Se qualcuno aveva ancora dei dubbi e delle speranze, che il governo arrivasse al varo di una vera riforma delle pensioni nel 2024, adesso può mettersi in pace. Perché la NADEF, acronimo di Nota di Aggiornamento del Documento di Economia e Finanze, non ha fatto altro che confermare le ultime indiscrezioni. La riforma delle pensioni non ci sarà, almeno non nella seconda legge di Bilancio del governo Meloni. Dopo due manovre finanziarie quindi, nulla di nuovo, nemmeno la promessa di quota 41 per tutti riuscirà a vedere i natali.
“Buongiorno, sono un vostro assiduo lettore e volevo chiedervi se è vero che il governo per i prossimi anni preparerà una riforma che penalizzerà i pensionati come regole di calcolo delle pensioni. Se non ho sbagliato i calcoli, dovrei andare in pensione nel 2027 con 42 anni e 10 mesi di contributi o con poco più visto che sembra che proprio nel 2027 si alzeranno i requisiti. Ho capito che nel 2024 non ci sarà nulla di nuovo e mi chiedevo se era vero che magari tra 2025 e 2026 potrebbe nascere la quota 41 per tutti, ma contributiva. Volevo capire se magari grazie a questa misura potevo anticipare l’uscita e se ci rimetterei troppo visto che ho 20 anni di contributi già a fine 1995.
Ecco la vera riforma delle pensioni, tra 2025 e 2026 tutto potrebbe cambiare, ma come?

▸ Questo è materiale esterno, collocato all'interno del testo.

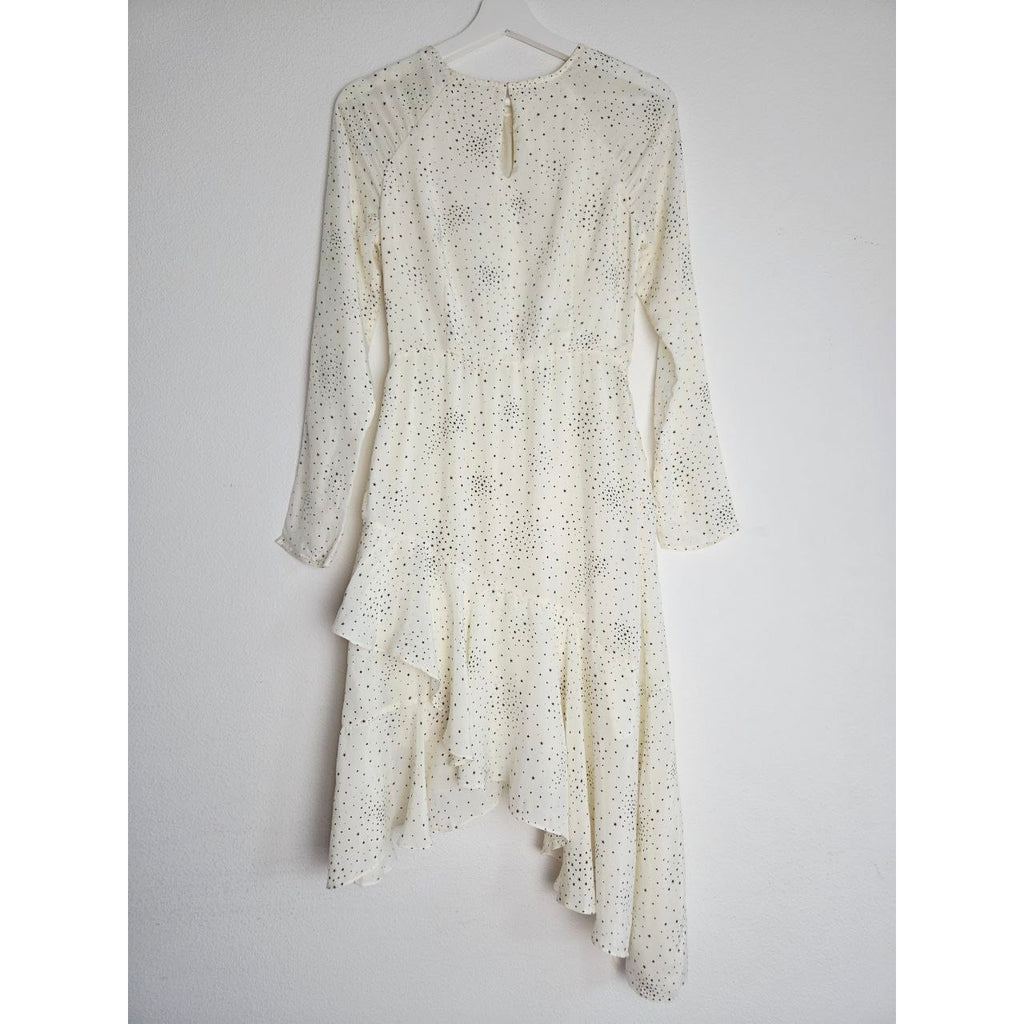 Back view on hanger of Maje Reto ecru star-print dress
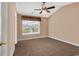 Cozy bedroom featuring neutral colors, a ceiling fan, and a window overlooking a serene lake at 1046 Palisade Circle # 1046, Myrtle Beach, SC 29577
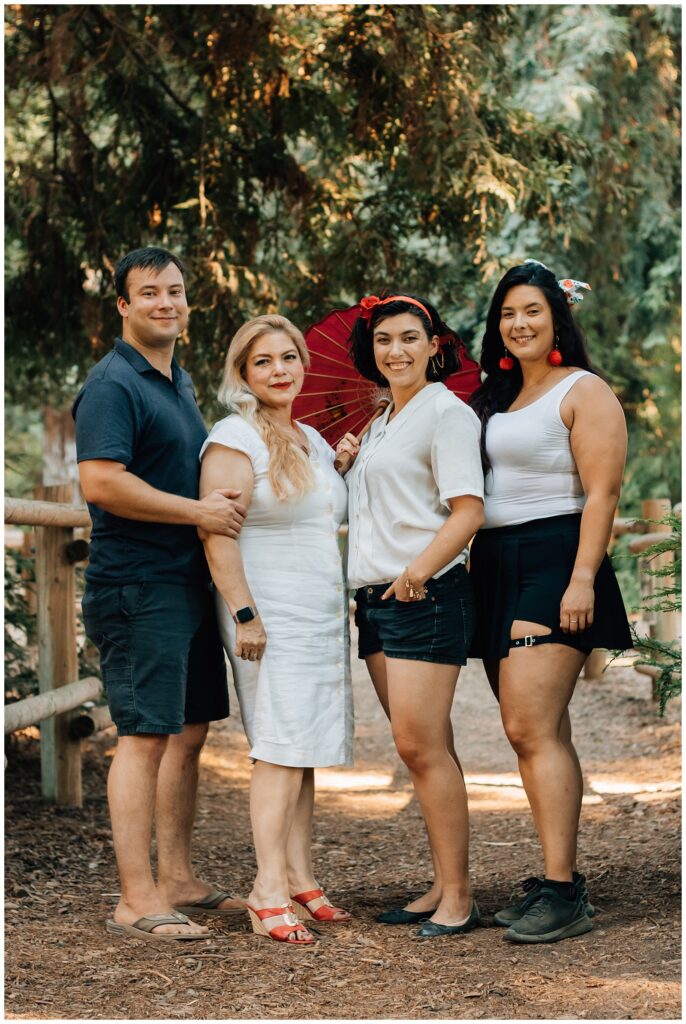 Two women and one man stand close together in a wooded area, with one of the women holding a red parasol. The group is smiling, standing on a forest path, surrounded by trees.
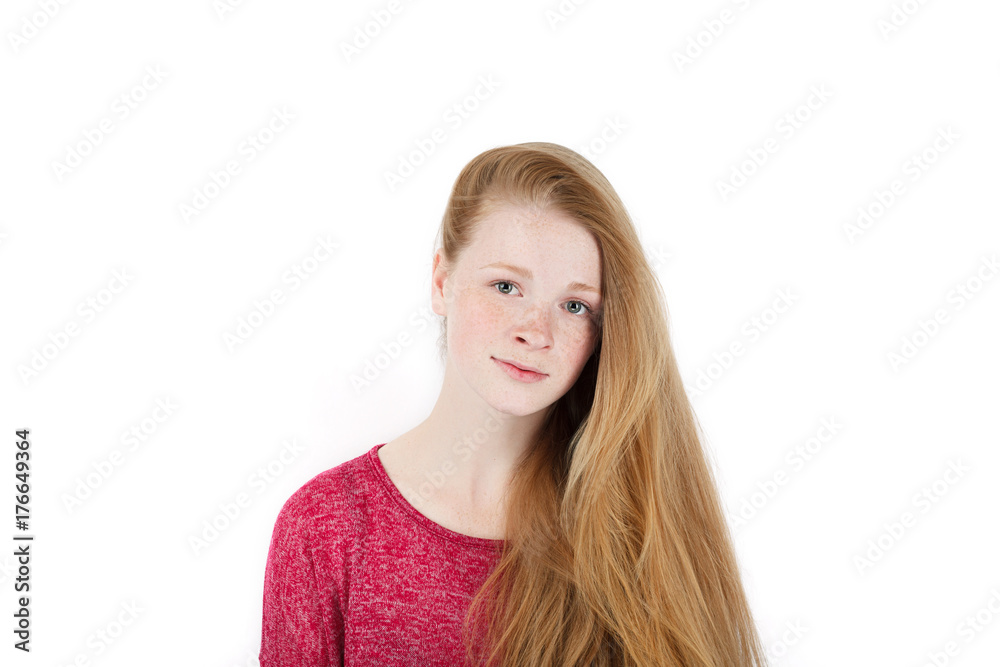Beauty portrait of young adorable fresh looking redhead woman with freckles gorgeous extra long hair. Emotion and facial expression concept. Beauty portrait of young adorable fresh looking redhead woman with freckles gorgeous extra long hair. Emotion and facial expression concept.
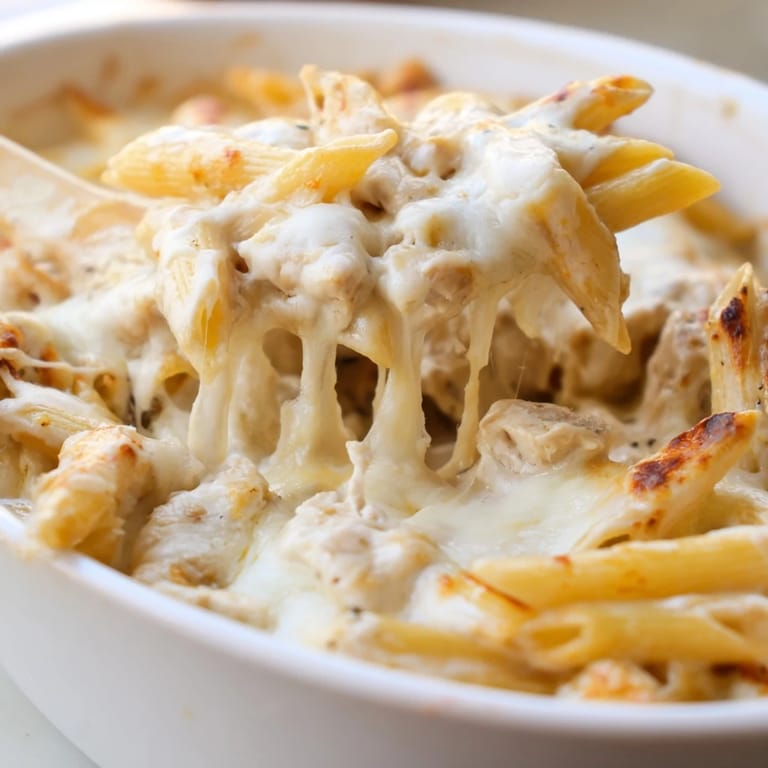 A close-up of Chicken Ranch Pasta Bake served in a white dish, garnished with fresh chives and ready to enjoy.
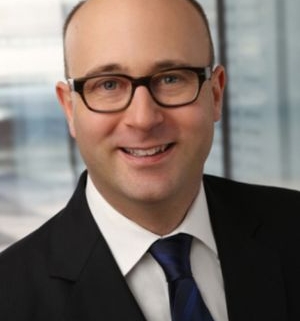 Porträt eines freundlichen Mannes mit Brille und Glatze im dunklen Anzug mit weißem Hemd und blauer Krawatte vor modernem Bürohintergrund.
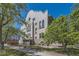 Elegant apartment building surrounded by mature trees and lush landscaping at 108 W Byers Pl # G1, Denver, CO 80223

Il dubbio del nostro lettore è lecito ed anche la domanda non è fuori luogo se si parla di quota 41 per tutti. Anticipiamo dicendo che al momento la quota 41 per tutti è solo una semplice ipotesi. Perché la misura nel 2024 non sarà varata. Il governo viaggia su una strada stretta e con poche risorse a disposizione, e se c’era bisogno di conferma, questa è arrivata con la NADEF. Poche risorse che impongono dei calcoli da fare, a partire dal fatto che ogni intervento sulle pensioni deve essere low cost. Significa che non si può spendere troppo e che per varare novità serve che anche i pensionati partecipino alla spesa. Ma come? L’indirizzo che sta prendendo l’esecutivo è sempre il solito. Si va verso il calcolo contributivo della prestazione. Perfino la quota 41 per tutti che secondo i primi proponenti e i sindacati, dovrebbe consentire l’uscita per tutti con 41 anni di versamenti, dovrà per forza di cose guardare ad una limitazione di spesa. Se oggi questa necessità di risparmio è evidente, difficile prevedere che in futuro cambi qualcosa. Perché non si potranno certo varare misure che impattino pesantemente sui conti pubblici.
Calcolo contributivo la via per misure a basso costo per le casse statali
La dimostrazione di questa condizione in cui naviga l’attuale governo, che poi è la stessa con cui si sono interfacciati i governi precedenti, nasce anche da ciò che è stato fatto dal 2019 ad oggi. Perfino la quota 100, che per molti era una misura poco utilizzabile dalla massa, ha minato pesantemente i conti pubblici. Anche se non l’hanno sfruttata tutti i potenziali beneficiari, come si è arrivati alla sua scadenza triennale, è stata modificata prima inasprendo l’età, e arrivando alla quota 102 (che da 62 anni di età con 38 di contributi passò a 64 anni di età con 38 di contributi).
Il calcolo retributivo in fumo con le pensioni anticipate del futuro
Il ricalcolo contributivo della prestazione è una autentica penalizzazione che un contribuente trova nel momento in cui va in pensione. ma nasce dal fatto che il contribuente ha iniziato a versare contributi prima del 1996 che è l’anno di entrata in vigore del sistema contributivo. Evidente che per quanti hanno iniziato a versare dopo il 1995, nessuna penalizzazione si applica. Questo perché non c’è altra modalità di calcolo della pensione che non sia quella contributiva. Il nostro lettore però rischia di essere uno dei più penalizzati per ovvie ragioni. Perché ha oltre 18 anni di contributi antecedenti il 1996 e quindi, avrebbe diritto al calcolo retributivo fino al 2012. Evidente quindi che anche la quota 41 per tutti se venisse varata davvero con l’obbligo di accettare il calcolo contributivo in stile opzione donna, produrrebbe penalizzazioni. Produrrebbe quei tagli di assegno che penalizzano i lavoratori ma che fanno il gioco dello Stato, che risparmia dei soldi.